XX. When a majority of each House’s managers agree, they file a Conference Committee report in each of their Houses. The report is accompanied by a detailed explanatory statement. The report is not subject to amendment in either House. In the Senate, it is not subject to debate.

XXI. When both Houses have agreed to a bill in identical from, it is ready for enrollment and presentation to the President. The enrolled bill, printed on parchment, must reflect precisely the effect of all amendments, either by way of deletion, substitution, or addition, agreed to by both bodies. It is, then, certified by the Clerk of the House or the Secretary of the Senate, depending on the House of origin. After one final review for accuracy, it is signed first by the Speaker of the House and next by the Vice President or by specifically authorized members of the respective Houses.
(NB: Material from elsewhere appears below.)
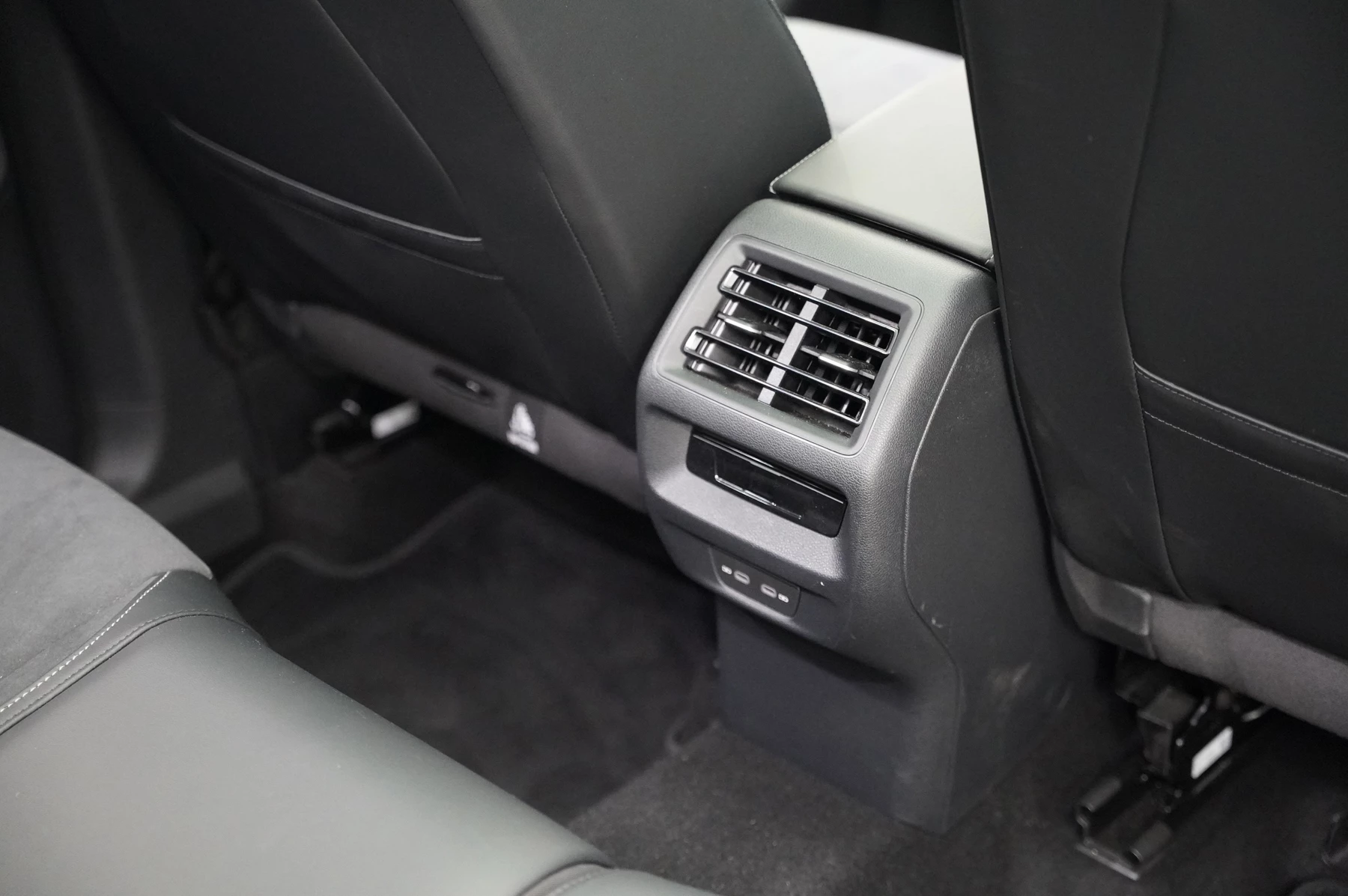 Volkswagen-Tayron-image-25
XXII. The enrolled bill is, then, taken to the White House for Presidential action. The President has, generally, 10 days to consider the bill. During this time, the President will confer with the pertinent Executive Branch departments and agencies, for their advice and recommendations. If he signs it within that ten-day period, it becomes law. If he fails to sign it and Congress is in session on the tenth day, it becomes law without his or her signature. She or he can veto the bill and return it to House of origin, within the 10 days, with his or her objections. Or, if Congress, by final adjournment (sine die), prevents its return, she or he can “pocket veto” the bill by doing nothing. If it is returned to Congress with a veto message, the votes of two-thirds of the full membership of each House are needed to enact the bill over the President’s objections.

XXIII. Once enacted, either by Presidential approval, a lapse of ten days or by an override of a veto, the enrolled bill is sent to the Archivist of the United States for publication. It is assigned a Public Law number and paginated for inclusion in the Statutes at Large volume for the current Congress. (The first law enacted during the 108th Congress is designated Public Law 108-1.) It is first officially published in pamphlet form as a “slip law.” The Office of the Federal Register, National Archives and Records Administration prepares the slip law, which includes marginal notes detailing, among other things, where it will fit in the United States Code.

And there we are. That’s how a bill becomes a law.